Exercise requirements:
Could you repeat every record exactly as it appears?

Information:
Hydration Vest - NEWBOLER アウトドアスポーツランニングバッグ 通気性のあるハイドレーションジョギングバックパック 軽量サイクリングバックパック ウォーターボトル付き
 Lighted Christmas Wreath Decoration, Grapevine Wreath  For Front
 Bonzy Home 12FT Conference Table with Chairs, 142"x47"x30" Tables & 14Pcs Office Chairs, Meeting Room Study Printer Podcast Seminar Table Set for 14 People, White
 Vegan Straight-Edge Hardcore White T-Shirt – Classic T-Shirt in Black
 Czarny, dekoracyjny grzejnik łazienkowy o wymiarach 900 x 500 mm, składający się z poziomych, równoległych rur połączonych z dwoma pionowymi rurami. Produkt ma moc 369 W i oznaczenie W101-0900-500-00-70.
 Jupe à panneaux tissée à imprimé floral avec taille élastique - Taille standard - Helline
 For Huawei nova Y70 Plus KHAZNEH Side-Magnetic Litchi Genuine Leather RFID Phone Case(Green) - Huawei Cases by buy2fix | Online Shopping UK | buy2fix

Exercise solution:
Hydration Vest - NEWBOLER アウトドアスポーツランニングバッグ 通気性のあるハイドレーションジョギングバックパック 軽量サイクリングバックパック ウォーターボトル付き
 Lighted Christmas Wreath Decoration, Grapevine Wreath  For Front
 Bonzy Home 12FT Conference Table with Chairs, 142"x47"x30" Tables & 14Pcs Office Chairs, Meeting Room Study Printer Podcast Seminar Table Set for 14 People, White
 Vegan Straight-Edge Hardcore White T-Shirt – Classic T-Shirt in Black
 Czarny, dekoracyjny grzejnik łazienkowy o wymiarach 900 x 500 mm, składający się z poziomych, równoległych rur połączonych z dwoma pionowymi rurami. Produkt ma moc 369 W i oznaczenie W101-0900-500-00-70.
 Jupe à panneaux tissée à imprimé floral avec taille élastique - Taille standard - Helline
 For Huawei nova Y70 Plus KHAZNEH Side-Magnetic Litchi Genuine Leather RFID Phone Case(Green) - Huawei Cases by buy2fix | Online Shopping UK | buy2fix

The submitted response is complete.